Declaração de Cuca durante apresentação no Atlético
“Gostaria de começar falando da minha apresentação no Athletico-PR. É um tema sensível, delicado e muito importante, que é o tema do caso suíço.”
“Quando li a carta no Athletico decidi dentro de mim ser um homem melhor. Confesso que aprendi muito com muita gente, minha família, que é quase toda feminina, as meninas, filhas e netas.”
“Eu entendi muitas coisas que não entendia como ser humano. Demorei para falar sobre o assunto e hoje abro falando sobre isso porque posso falar, posso ver meus defeitos, posso entender que estava tentando falar da Cuca, explica Cuca, e não foi isso que a sociedade desejado.

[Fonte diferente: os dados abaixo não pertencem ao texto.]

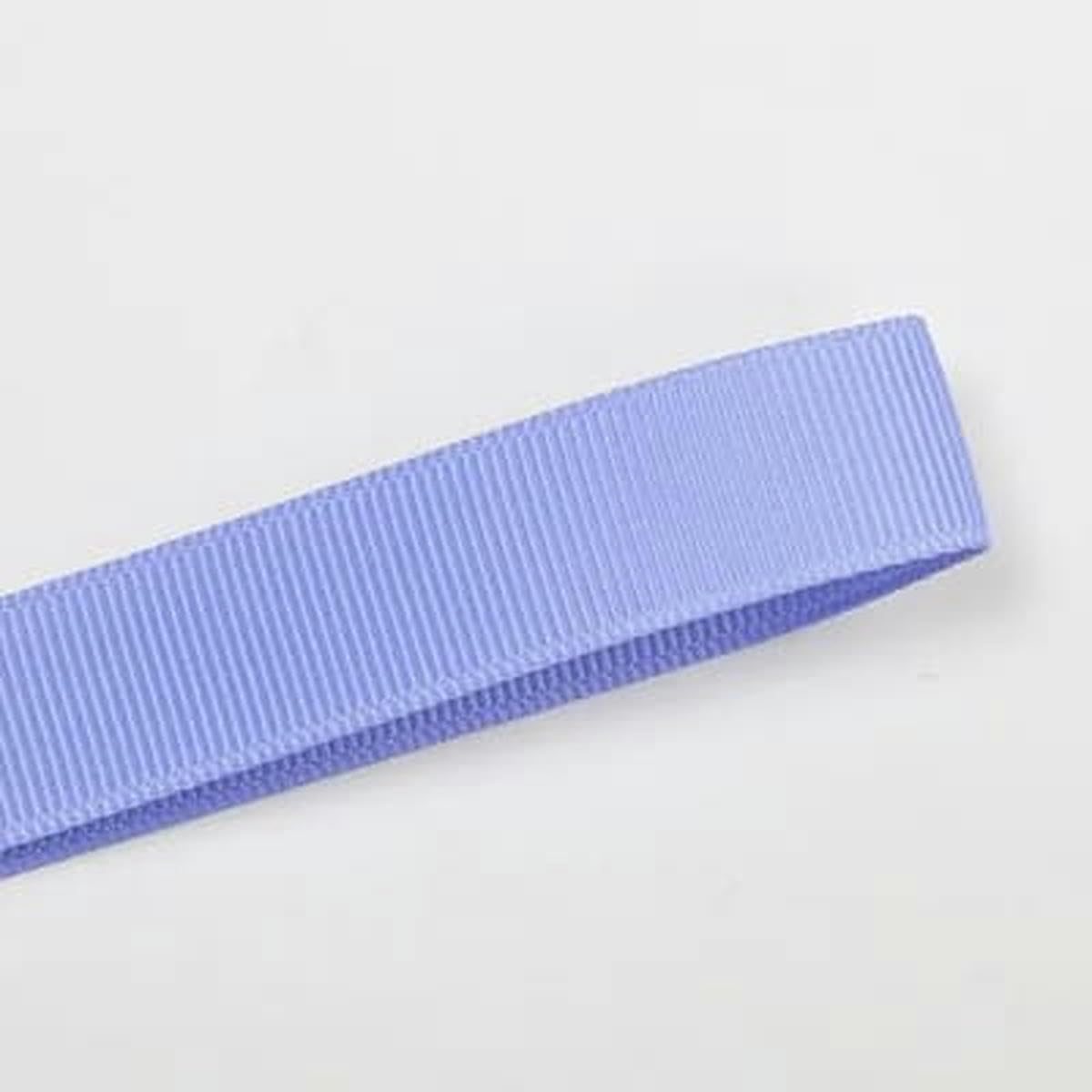 Massives Ripsband, 6, 9, 13, 16, 19, 22 mm, 91,4 m, Blau/Lila, für DIY-Kleider, dekorative Verpackungsbänder -lris 447-16 mm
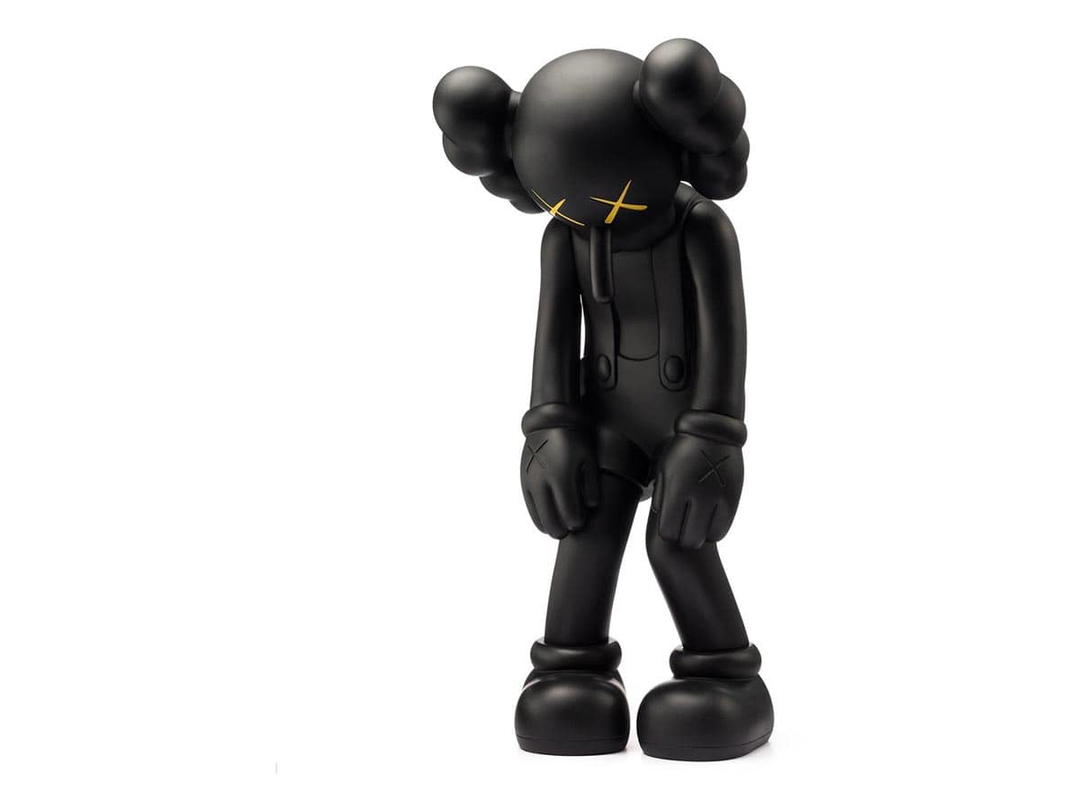 Kaws KAWS Small Lie Companion Vinyl Figure Black
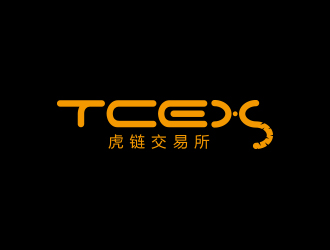 孙金泽的虎链交易所（Tiger chain exchange）logo设计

A sociedade queria o tema, a causa, o que eu, como homem, poderia fazer pela causa, pelo tema.”
“Tenho trabalhado incessantemente desde aquele dia em busca de ser uma pessoa melhor, que entende melhor do assunto, não só para minhas filhas, minha mãe e minha irmã, mas para as mulheres, pelo respeito que elas têm e merecem, pelo igualdade que buscamos, e estou aliado a isso.”
“Hoje estive conversando com o pessoal do futebol, participei de palestras em que conseguimos reunir meninos do Coritiba, do Athletico-PR e do Paraná e discutir o tema com a mente aberta. O menino questionando a menina, por que, o que o incomodava, e acho que esse assunto é muito importante para todos nós.”
“Busco um mundo mais justo para mim, para minhas filhas, netas e todas as mulheres. Vivemos muito num mundo machista, o futebol é um mundo machista. Hoje, se olharmos para o auditório, é 70%, 80% masculino. Mas foi pior, há um tempo atrás era muito pior.”
“Hoje, assistindo ao treino das meninas, levei o Arana porque tinha uma menina que queria conhecê-lo e vi como o futebol feminino evoluiu, algo que eu não tinha visto antes. Eles têm que lutar mais do que nós, do que os homens, para vencer. A começar pelo horário, eles começam às 7h30 e têm que acordar às 5h. Essas coisas eu prometi e tenho feito, na medida do possível, com ações, no meu instituto, com três centros em Curitiba, e quero transportá-las para o Galo, que tem o Instituto Galo, e poderemos fazer coisas importantes também pelo respeito pelas mulheres. É coisa minha, está dentro de mim. Não sou de divulgar o que já fiz, mas faço as minhas coisas com muita discrição e continuarei a fazê-lo. Esta é uma bandeira que levantei e a carregarei para sempre, sempre que puder.”